◆ **Material provided**
-- Opening Marker --

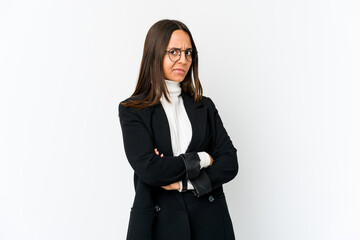 Young mixed race business woman isolated on white background suspicious, uncertain, examining you.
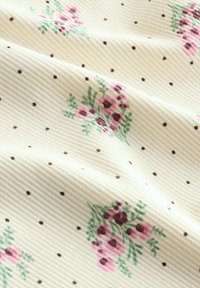 Tela cremosa acanalada con pequeños lunares negros y racimos de flores rosas con hojas verdes esparcidas por la superficie.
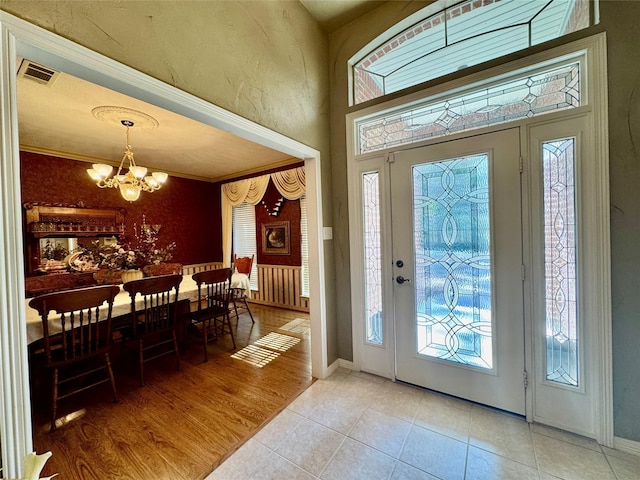 foyer with visible vents, a notable chandelier, light wood finished floors, and baseboards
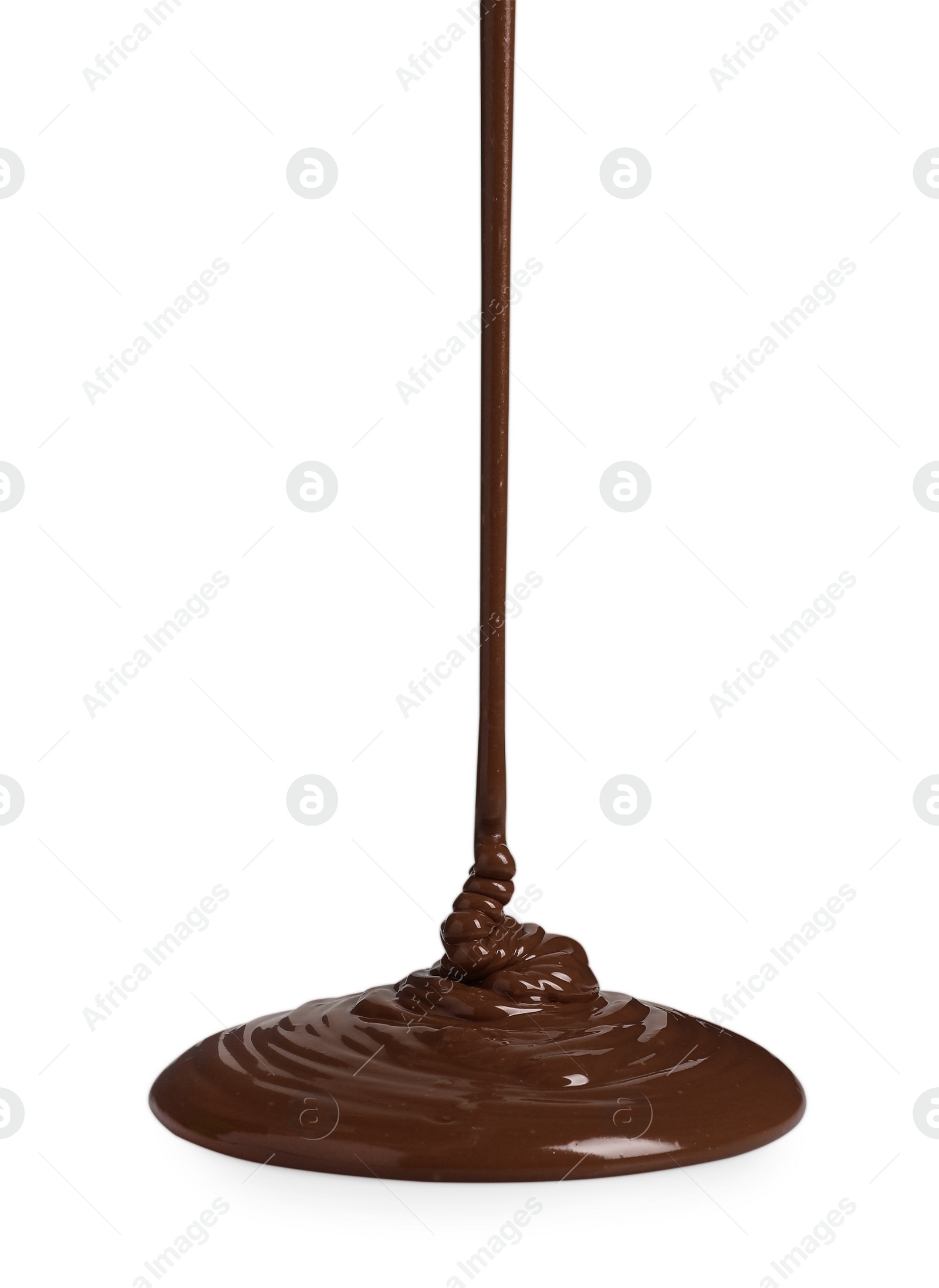 Photo of Pouring tasty melted milk chocolate isolated on white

-- Closing Marker --

◆ **Task prompt**
Return the complete material exactly as it appears, without images.

◆ **Expected output**
 Young mixed race business woman isolated on white background suspicious, uncertain, examining you.
 Tela cremosa acanalada con pequeños lunares negros y racimos de flores rosas con hojas verdes esparcidas por la superficie.
 foyer with visible vents, a notable chandelier, light wood finished floors, and baseboards
 Photo of Pouring tasty melted milk chocolate isolated on white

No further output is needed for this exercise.